What does cardiometabolic health mean and what does it include?

Cardiometabolic health refers to the combined state of cardiovascular and metabolic systems — heart function, blood pressure, blood sugar regulation, cholesterol metabolism, and body weight. These systems are deeply interconnected: insulin resistance raises cardiovascular risk, and chronic inflammation accelerates arterial damage. Cardiometabolic health is monitored through blood biomarkers and increasingly informed by genetic variants that influence each pathway.

What genetic variants most influence cholesterol and cardiovascular risk?

APOE genotype is among the most studied cardiovascular variants — APOE4 carriers have elevated LDL and increased cardiovascular and cognitive risk. CETP variants influence HDL levels and reverse cholesterol transport. PCSK9 variants affect LDL receptor activity and cholesterol clearance. MTHFR variants elevate homocysteine, a recognized cardiovascular risk factor. Together, these explain why two people on identical diets can have very different cholesterol profiles.

How does inflammation contribute to cardiovascular disease at the genetic level?

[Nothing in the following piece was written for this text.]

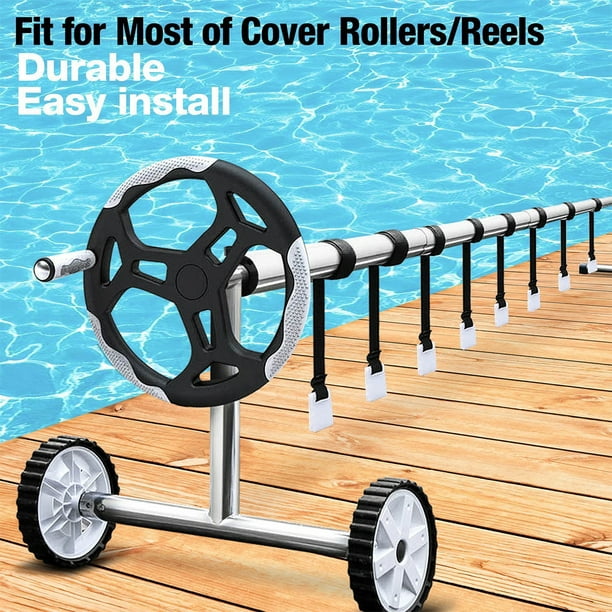 U Style Swimming Pool Cover Reel Set Storage Spool Pool Solar Cover Roller Attachment Strap Clip Kit Other 178*2.5cm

Chronic low-grade inflammation damages arterial walls independently of LDL cholesterol. Variants in IL-6, TNF-alpha, and CRP genes influence baseline inflammatory tone and how aggressively inflammation responds to diet and stress triggers. Individuals with pro-inflammatory variants may have elevated hsCRP and accelerated arterial plaque progression even when standard cholesterol panels appear normal — making inflammatory markers a critical part of complete cardiometabolic assessment.

What is the connection between blood sugar regulation and heart health?

Insulin resistance directly raises cardiovascular risk through elevated triglycerides, reduced HDL, increased small dense LDL, and systemic inflammation. TCF7L2, PPARG, and KCNJ11 variants influence insulin sensitivity and type 2 diabetes risk. Because metabolic and cardiovascular systems are tightly linked, monitoring HbA1c and fasting glucose alongside lipid markers provides a more complete cardiometabolic risk picture than cholesterol measurements alone.

Can at-home testing meaningfully monitor cardiometabolic health?

Yes, within appropriate scope. At-home blood tests accurately measure the core cardiometabolic biomarkers — HbA1c, fasting glucose, full lipid panel, and hsCRP — that form the foundation of cardiometabolic monitoring. Pairing these results with genetic data identifying your cardiovascular variants creates a dual-layer view: your current biomarker status plus your inherited risk profile. This combination supports proactive wellness monitoring, not clinical diagnosis.